Nearly one American in two is currently "financially fragile" -- unable, that is, to come up with $2000 dollars in 30 days to deal with an unexpected emergency. That fragility presumably does not stretch out to the fortunate few employed by Goldman Sachs, collectively the recipients of the reportedly $15.4 billion set aside by the Wall Street giant for the payment of bonuses at the end of 2010. Fifteen point four billion dollars averages out at $435,000 per Goldman Sachs employee: in a year in which, far away from Wall Street, one million homes were foreclosed and 15 million Americans went without employment, let alone bonuses. While mainstream America continues to struggle with the recessionary consequences of a meltdown caused by financial excess, large financial institutions have left that struggle far behind. They are back to profitability and back to their old ways. Senior bankers are making money again while the rest of us are not.

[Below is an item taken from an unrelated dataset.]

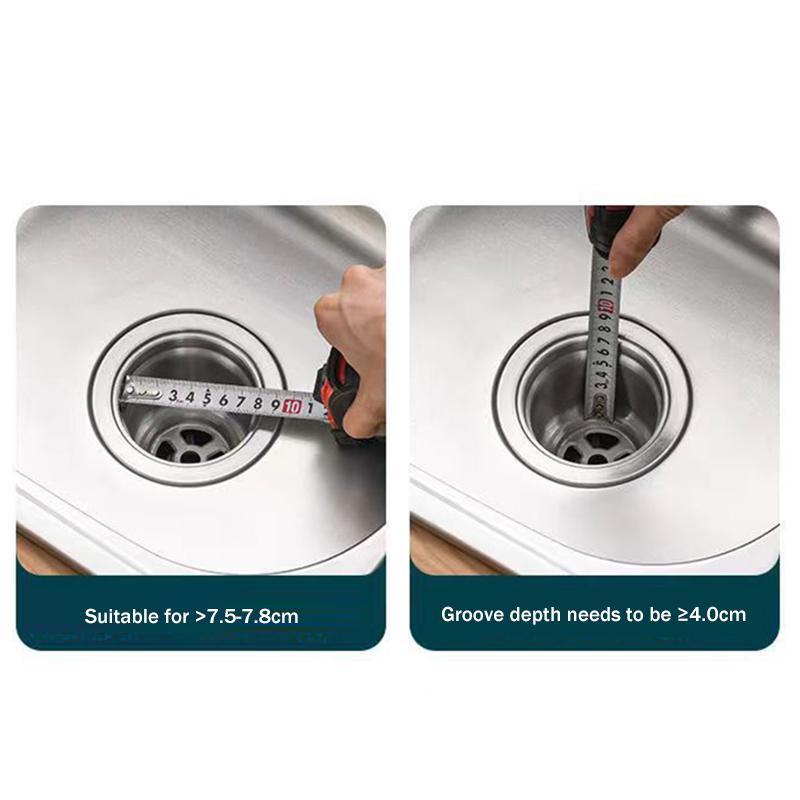 1Pcs Stainless Steel Kitchen Sink Filter Kitchen Garbage Food Residue Dishsink Filter With Handle Metal Sink Strainer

There was a time, not so very long ago, when things were otherwise: when leading Wall Street players publicly conceded (and indeed apologized for) the causal role played by their institutions in the financial meltdown of 2008. There was a time when the energies of Congress were accordingly focused on the creation of stronger regulatory structures designed to block a repetition of that meltdown. There was even a time when some of the minor players in the debacle of 2008 found themselves in court, charged with fraud. But those apologies were brief. The new regulatory structures were born flawed; and the few prosecutions failed to deliver. To a truly remarkable degree, given the scale and longevity of the damage they have caused, the guilty have escaped unpunished from the financial crisis of 2008, as Washington has turned its attention elsewhere, in the process allowing bank lobbyists to water down even the modest reforms imposed at the height of the crisis. Washington, that is, except Carl Levin and his subcommittee. Their Wall Street and the Financial Crisis report deserves to be compulsory reading for every concerned citizen, for it reaffirms what we already knew -- that regulation and even punishment, certainly not pushback, remains essential if the practices which generated such economic havoc and social misery in 2008 are not eventually to do the same again on an even grander scale.

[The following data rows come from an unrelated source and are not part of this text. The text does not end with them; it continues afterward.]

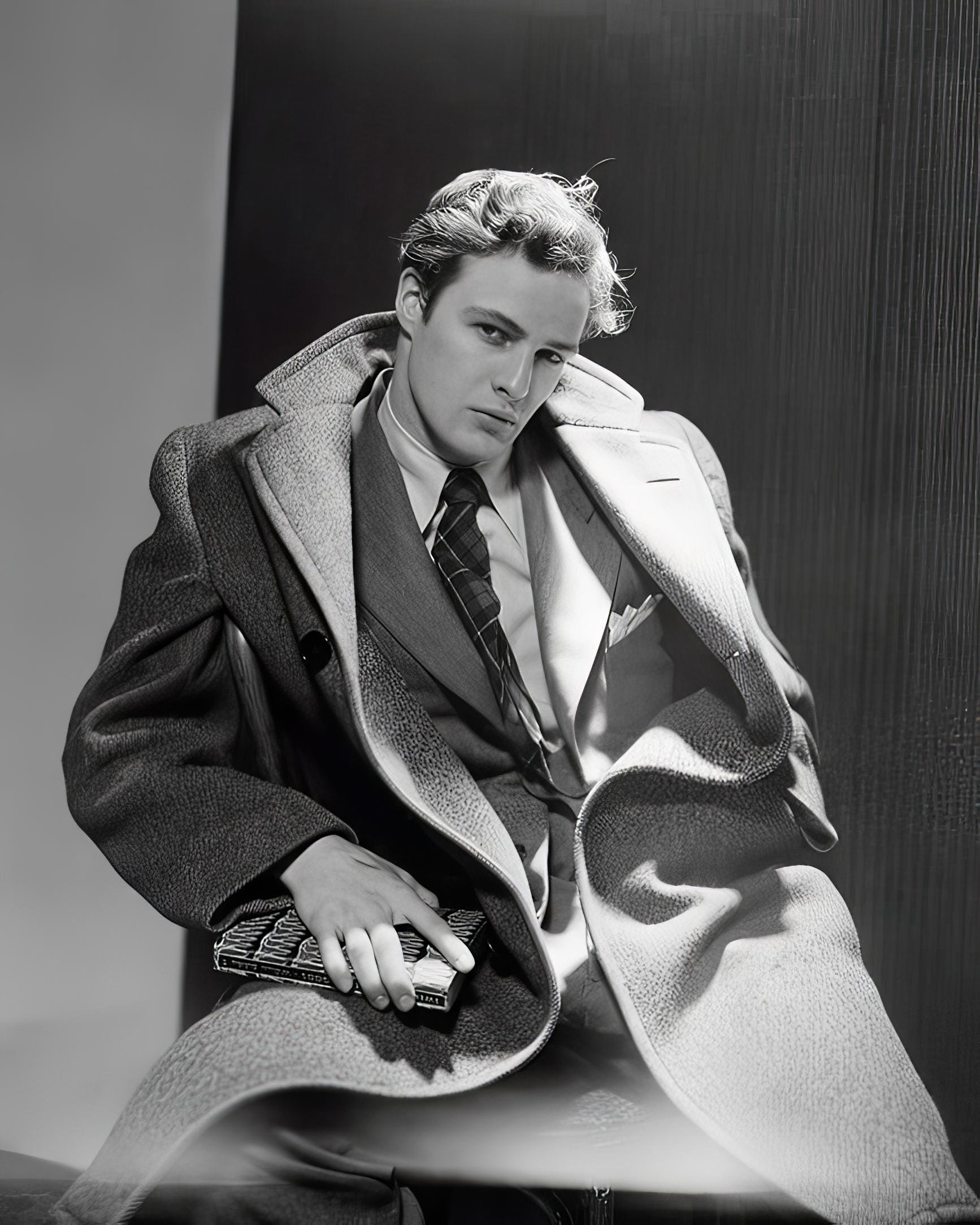 Marlon Brando C. 1946 - Studio Portrait, Black & White, Multiple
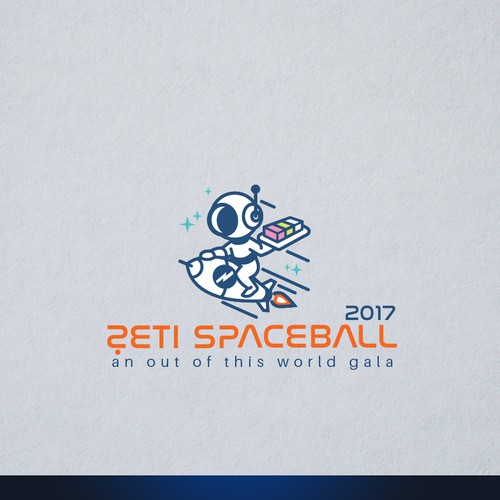 Star logo with the title 'SETI SpaceBall 2017'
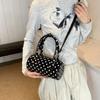 Fashion Handbag Shoulder Bag PU Leather Barrel Shape Tote Bag Polka Dot Crossbody Bag Women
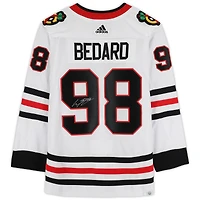 Connor Bedard Chicago Blackhawks Autographed White adidas Authentic Jersey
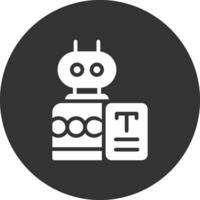 bots copywriting creativo icona design vettore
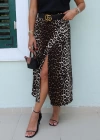 Leopar Desen Anvelop Etek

A little recap would not go amiss, given the amount of money, energy and argumentation now flowing into the weakening of new regulatory constraints on the behavior of leading U.S. financial institutions.

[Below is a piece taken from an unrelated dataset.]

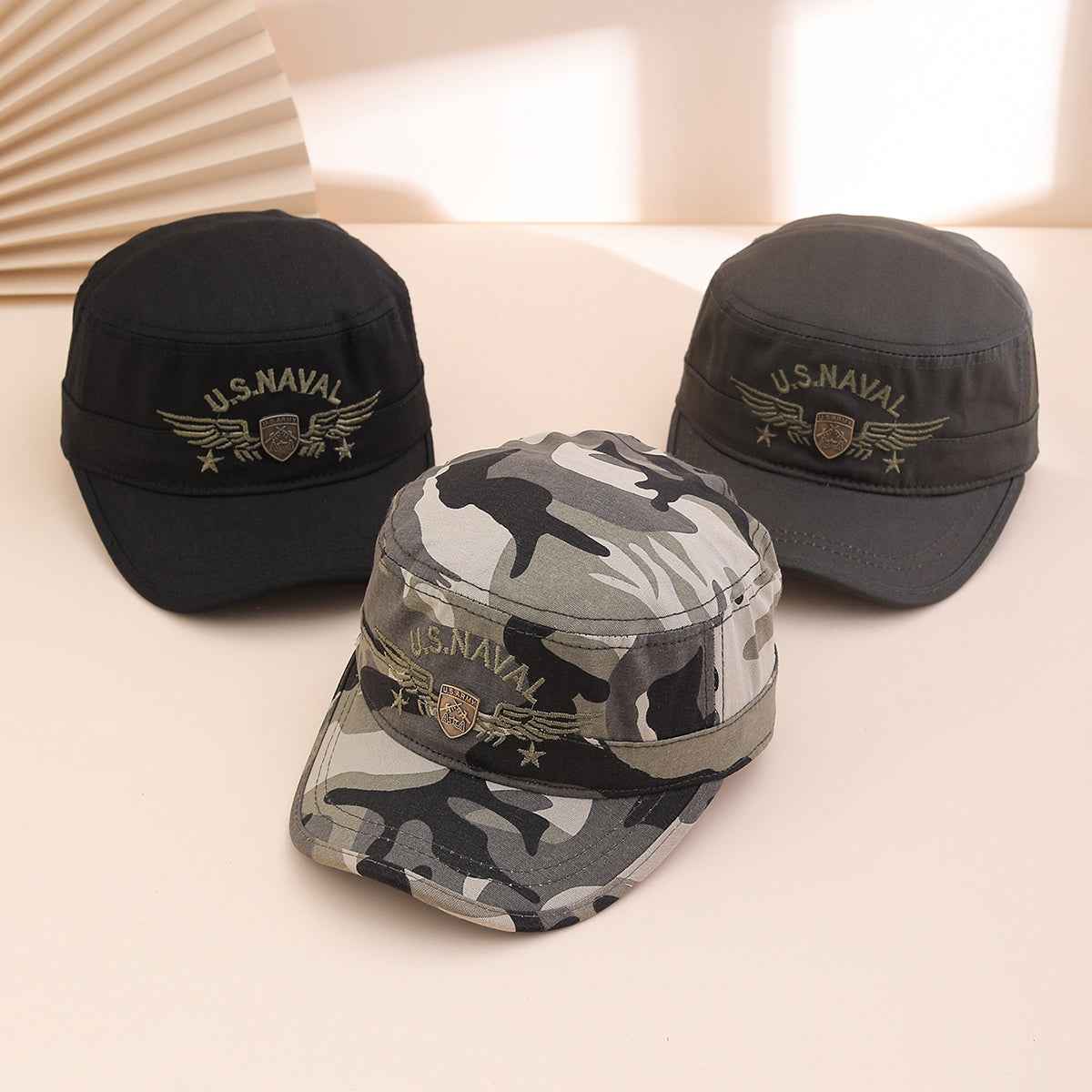 Unisex Embroidered Military Cadet Cap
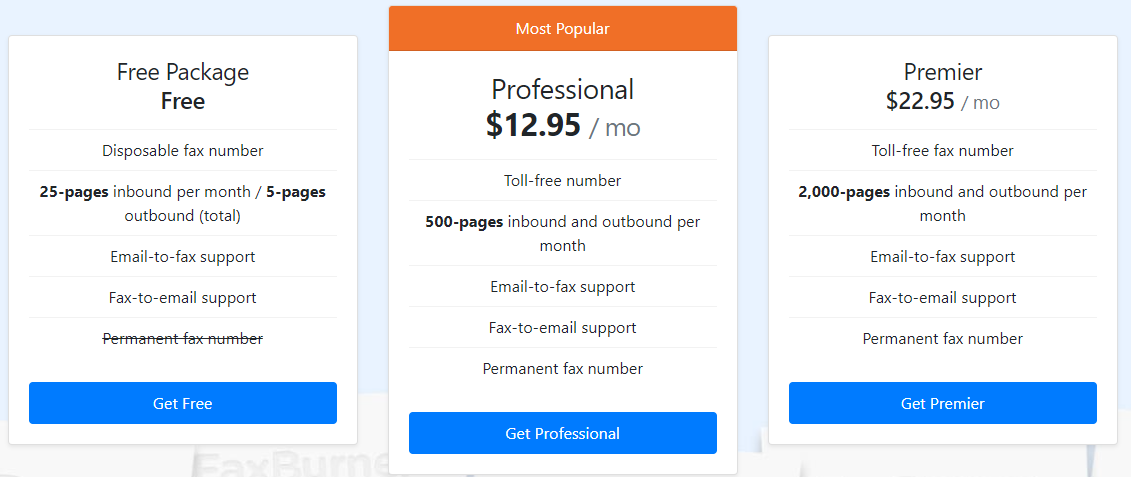 FaxBurner Price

1. Lest we forget, remember this. The credit crisis of 2008 was caused by inadequately-regulated and over-confident U.S. financial institutions, within which there were serious lapses of accountability and ethics. This is the well-established conclusion of a welter of both academic and journalistic reports on the events and processes leading up to the collapse of Lehmann Brothers in September 2008, and the subsequent financial meltdown. The credit crisis was the product of recklessness, corruption, managerial failure, greed and arrogance - in what Michael Mayo called "an industry on steroids." That is also the conclusion reached by the subpoena-empowered Financial Crisis Inquiry Commission in its January 2011 report. Among the Commission's findings were these: that "widespread failures in financial regulation and supervision proved devastating to the stability of the nation's financial markets;" that "dramatic failures of corporate governance and risk management at many systemically important financial institutions were a key cause of this crisis;" and that "a combination of excessive borrowing, risky investments, and lack of transparency put the financial system on a collision course with crisis." (report, pp. xviii-xix)
2. To prevent an even deeper crisis, leading financial institutions received huge amounts of taxpayer and Federal Reserve support, without which many of them would undoubtedly have folded. We now know, because of Bernie Sanders' diligence, that in addition to TARP money Goldman Sachs received nearly $600 billion in loans and other financial aid from the Federal Reserve in the wake of the crisis, "Morgan Stanley...received nearly $2 trillion, Citigroup...$1.8 trillion, Bear Stearns...$1 trillion, and Merrill Lynch...some $1.5 trillion in short term loans from the Fed." Even hedge fund giants like John Paulson apparently took their cut of the Fed's emergency cash. But though rapidly saved in this fashion by this staggering volume of tax-payer dollars and Fed loans, the big six financial institutions now sitting astride Wall Street -- Bank of America, Citigroup, Goldman Sachs, JPMorgan Chase, Morgan Stanley and Wells Fargo -- failed miserably to pass on their good fortune with equal speed to either struggling small banks or to a Main Street suddenly bereft of available credit.
3. The fallout from the crisis created by bad financial practices continues unabated: primarily in the form of extensive job loss, unprecedented levels of home foreclosure, and now serious cuts in state-level public services. As Simon Johnson has recently noted, "employment remains more than 5 percent below its pre-crisis peak, millions of homeowners are still underwater on their mortgages, and the negative fiscal consequences -- at national, state and local level -- remain profound." Indeed we may be facing such a prolonged recession as a result of the 2008 financial collapse as to effectively lose a whole decade, even perhaps a whole generation. Certainly there are disturbing signs in the wind of new and awesome problems ahead: not least persistent and unexpected unemployment among the estimated 85 percent of the 2 million new college graduates likely to return home in 2011 for want of adequate work!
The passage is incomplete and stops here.